DRUNKEN MASTER / THE LEGEND OF DRUNKEN MASTER
DIR: Yuen Woo Ping / Jackie Chan and Lau Kar Leung
In 1978 Jackie Chan had already been working in martial arts movies for about a decade, mainly for low budget director Lo Wei, but he’d just scored his first hit, with a film made in an agreement that saw him loaned to Seasonal Film and director Yuen Woo Ping (now famous as the martial arts choreographer of The Matrix and Crouching Tinger, Hidden Dragon). Following their hit with Snake in the Eagle’s Shadow Yuen, Chan and co-star Yuen Siu Tien (Woo Ping’s father) set out to top it with Drunken Master, another in a long line of tellings of the tale of Chinese folk hero Wong Fei Hung.
Rather than showing Wong Fei Hung as the martial arts master he became, Drunken Master fits itself brilliantly to Jackie Chan’s very particular talents, effectively inventing the comedy kung fu genre in front of your eyes. Chan’s Wong Fei Hung is a mischievous young man with a very disapproving father (his name was Wong Kei Ying, and we’ll be looking at a Yuen Woo Ping film about him before martial arts month is out). When he, in a single day, manages to offend his aunt and a rival martial arts teacher, Fei Hung is banished by his father, who sends him to study kung fu with Beggar Su (Yuen Siu Tien), whose brutal training style and eight drunken gods kung fu prepare Fei Hung for a climactic battle with hired killer Thunderfoot (played by Korean superkicker Hwang Jang-lee).
Drunken Master is in many ways the prototypical martial arts film, from the introductory bout over the opening credits, to the hero who knows some kung fu, but must learn a new style to triumph, to the comic beggar character to the training set pieces almost every scene here has been repeated ad nauseum by every martial arts filmmaker for the last 32 years. It is, then, amazing that the film feels so fresh. Chan’s strength was always his effortless onscreen charm, and here it’s in full evidence, as is his breathtaking martial arts skill and his teriffic comic timing (he’s the past master at making you laugh in the middle of a fight.
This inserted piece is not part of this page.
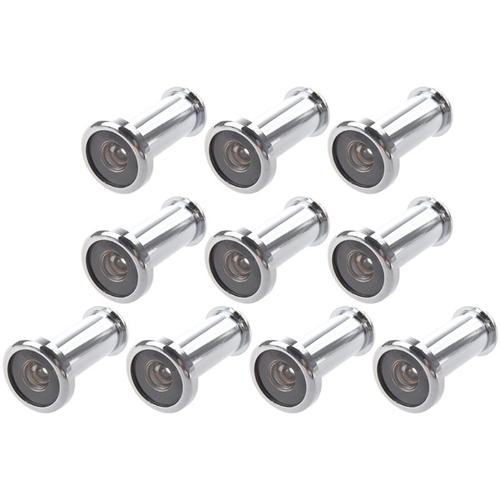 10x Judas Optique Pour Porte 14mm 180 Degres Grand Angle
It’s broad, of course, and the story and acting aren’t really what you’d call good, but Drunken Master is an enduring classic; it’s a lot of fun and the balance of slapstick comedy and awesome martial arts is endlessly engaging.
The very belated 1994 sequel, Legend of Drunken Master, finds a 40-year-old Chan still trying to play a young Wong Fei Hung. It’s not especially convincing, particularly when he’s opposite the 31-year-old Anita Mui as his mother. It’s also a rather heavier film in some respects, with a multi-stranded plot that takes in Wong Kei Ying’s fortunes as a chemist, factory workers being mistreated by their employers and the smuggling of precious Chinese artefacts. Sadly the plots aren’t terribly engaging, and you end up not really caring who the villains are, or what they’re doing.
The good news is that the martial arts sequences are even sharper than in the original. Chan’s near his physical prime here, and his speed is just mindblowing, especially in the drunken boxing scenes. Action highlights include a frequently crouched bout with co-director Lau Kar Leung, the finale in which Chan again fights an astonishing kicker (this time Ken Lo, then his real life bodyguard, in a scene that took two months to film), an sequence where Wong Fei Hung fends off swarms of enemies with a single piece of bamboo and a wonderfully funny fight in which Wong’s mother continually throws him wine bottles, so he can become drunk enough to win.
The comedy is equally sharp, with Chan on strong form, but upstaged by a very silly and really hilarious performance from Anita Mui. Many of Chan’s fans rate this as the best of his late period work, and it is up there, but as a sequel to Drunken Master it’s a disappointment overall.